*Task requirements:*
The reply should contain only the lines from the start of the records through the line with "Moody Forest Wall", reproduced verbatim and without pictures.

----------------

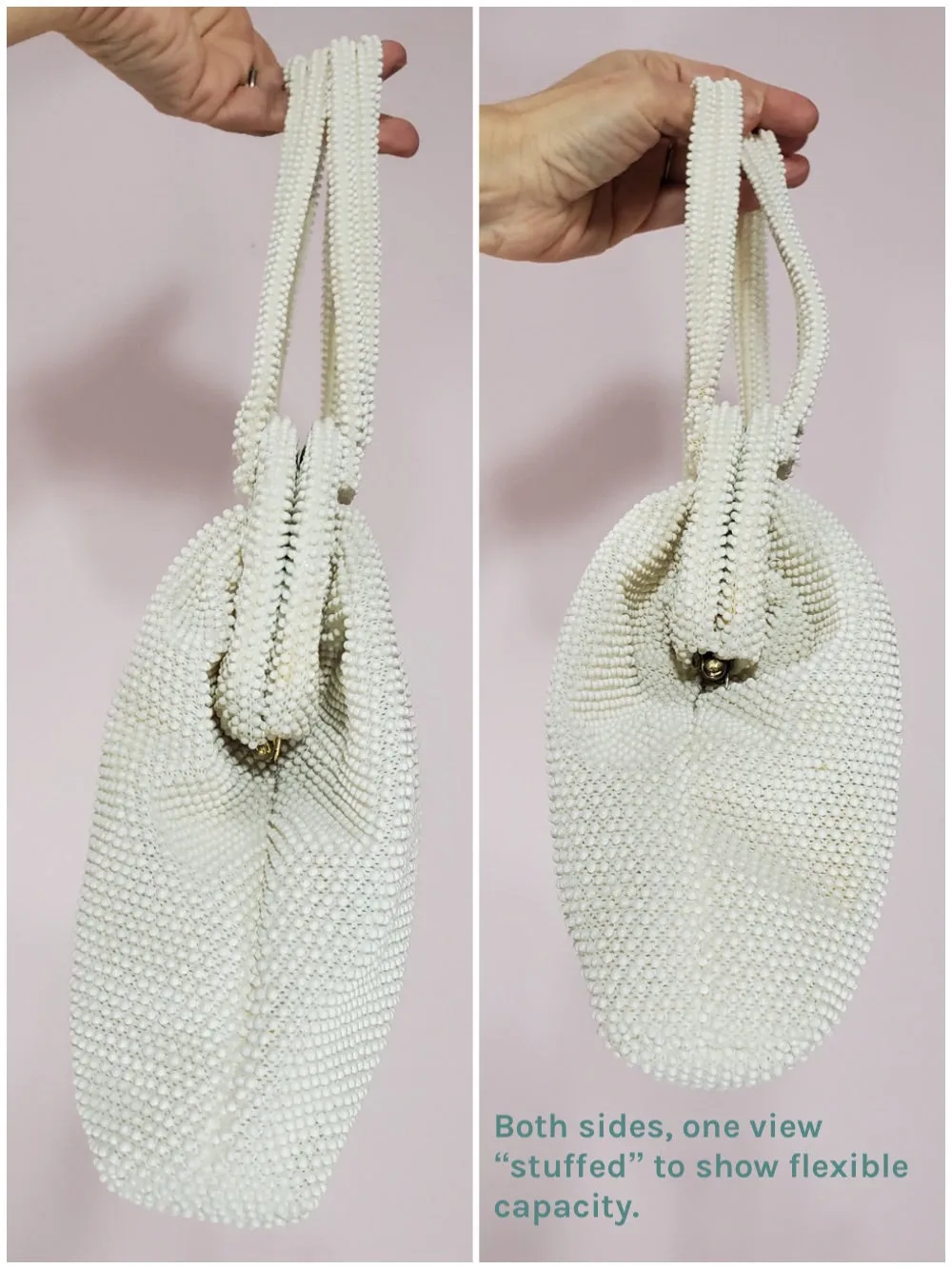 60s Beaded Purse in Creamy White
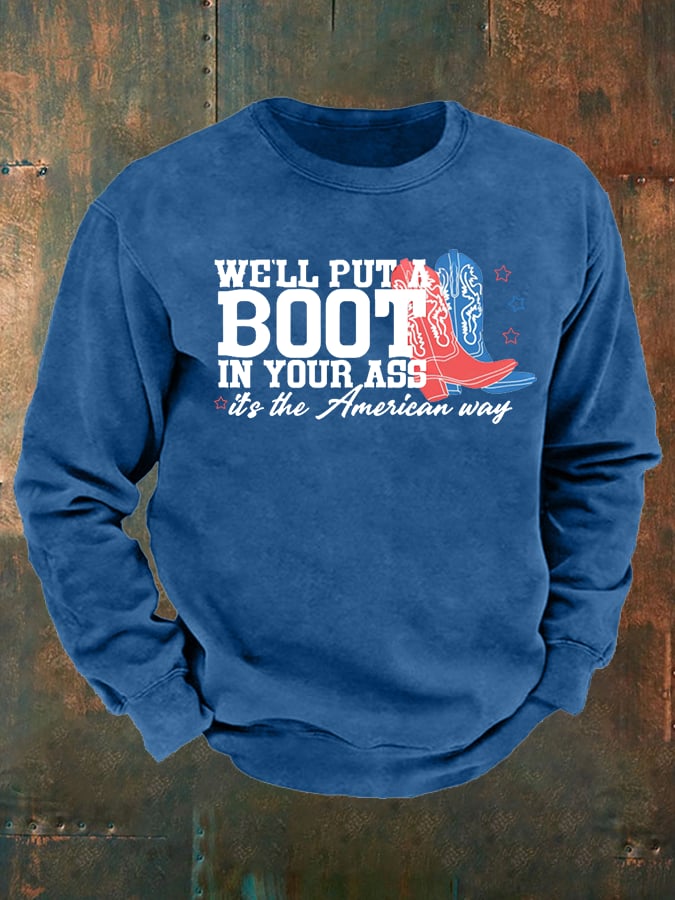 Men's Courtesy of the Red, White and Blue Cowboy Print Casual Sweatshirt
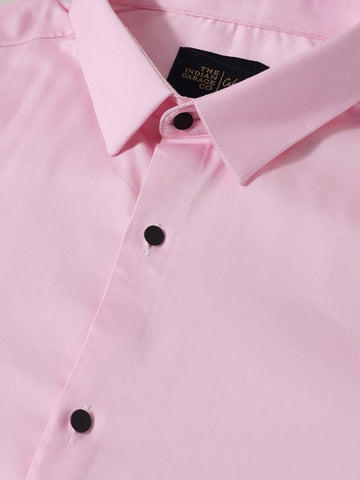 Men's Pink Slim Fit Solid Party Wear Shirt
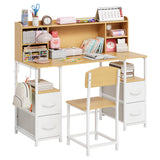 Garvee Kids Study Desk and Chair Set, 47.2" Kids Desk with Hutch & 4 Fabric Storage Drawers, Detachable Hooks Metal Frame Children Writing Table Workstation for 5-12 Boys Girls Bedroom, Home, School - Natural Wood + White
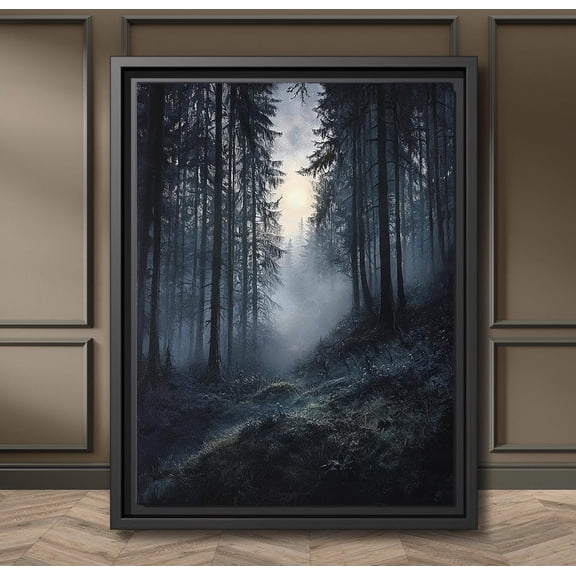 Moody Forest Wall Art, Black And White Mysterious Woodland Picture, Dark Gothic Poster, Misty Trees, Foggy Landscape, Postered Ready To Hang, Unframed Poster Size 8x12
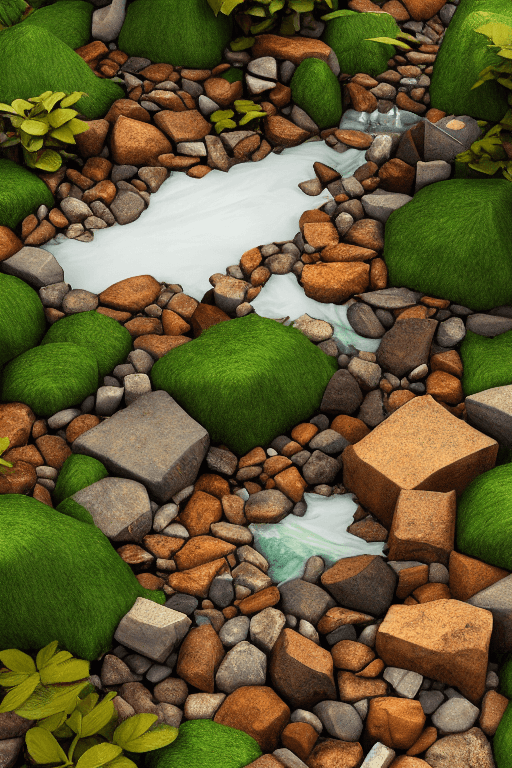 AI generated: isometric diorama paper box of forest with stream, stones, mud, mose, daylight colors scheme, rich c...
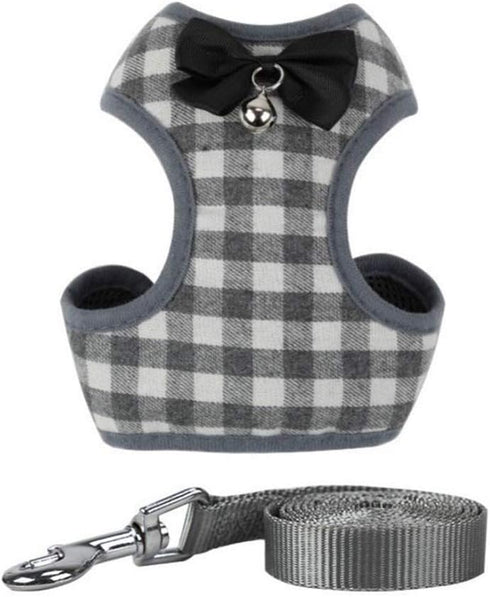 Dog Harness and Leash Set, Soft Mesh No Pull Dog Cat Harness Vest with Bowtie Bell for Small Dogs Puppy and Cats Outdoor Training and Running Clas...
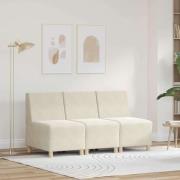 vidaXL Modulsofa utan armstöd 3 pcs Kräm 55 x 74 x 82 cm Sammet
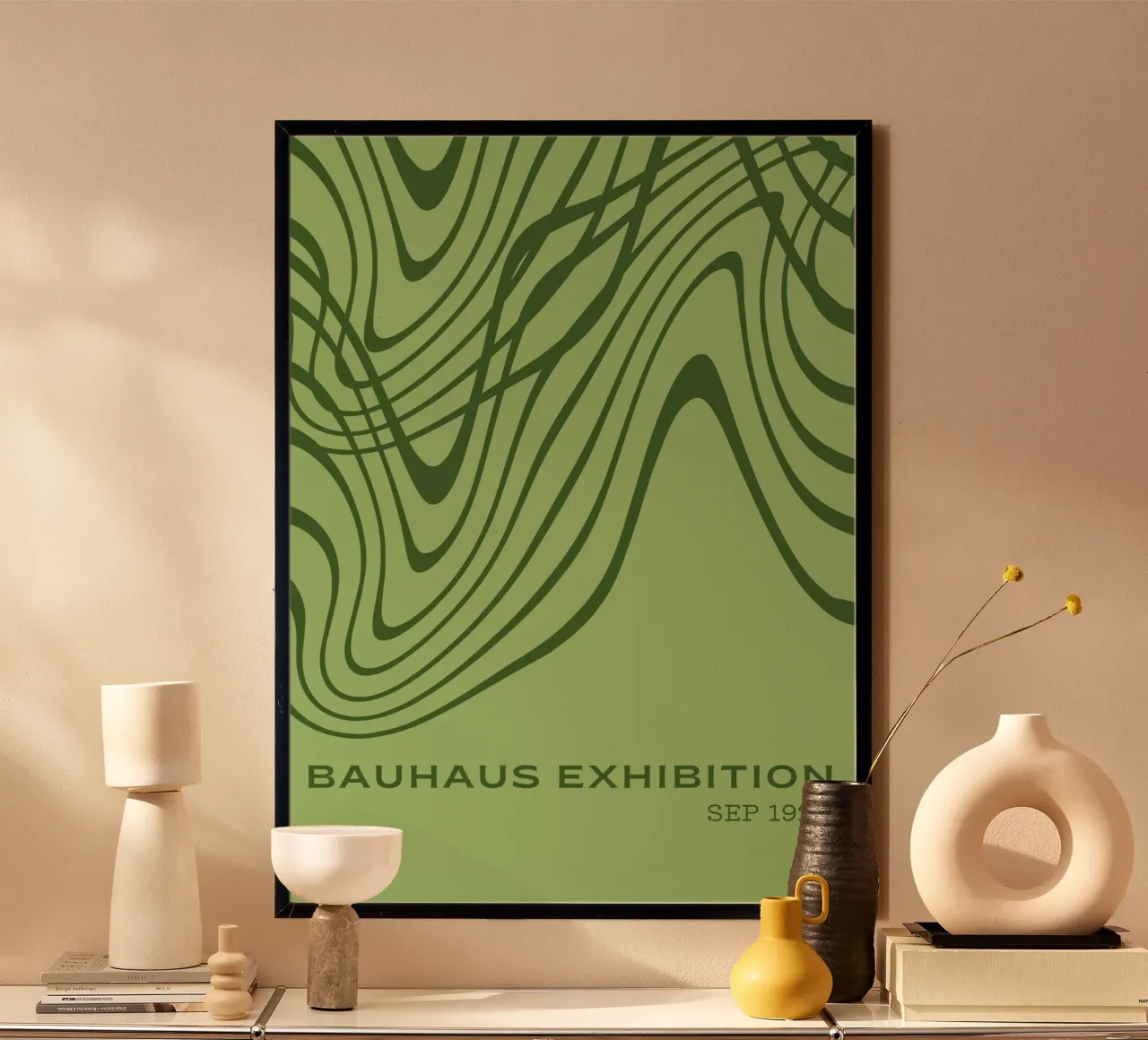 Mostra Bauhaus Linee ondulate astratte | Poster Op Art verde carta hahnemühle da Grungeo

----------------

*Result of the exercise:*
 60s Beaded Purse in Creamy White
 Men's Courtesy of the Red, White and Blue Cowboy Print Casual Sweatshirt
 Men's Pink Slim Fit Solid Party Wear Shirt
 Garvee Kids Study Desk and Chair Set, 47.2" Kids Desk with Hutch & 4 Fabric Storage Drawers, Detachable Hooks Metal Frame Children Writing Table Workstation for 5-12 Boys Girls Bedroom, Home, School - Natural Wood + White
 Moody Forest Wall Art, Black And White Mysterious Woodland Picture, Dark Gothic Poster, Misty Trees, Foggy Landscape, Postered Ready To Hang, Unframed Poster Size 8x12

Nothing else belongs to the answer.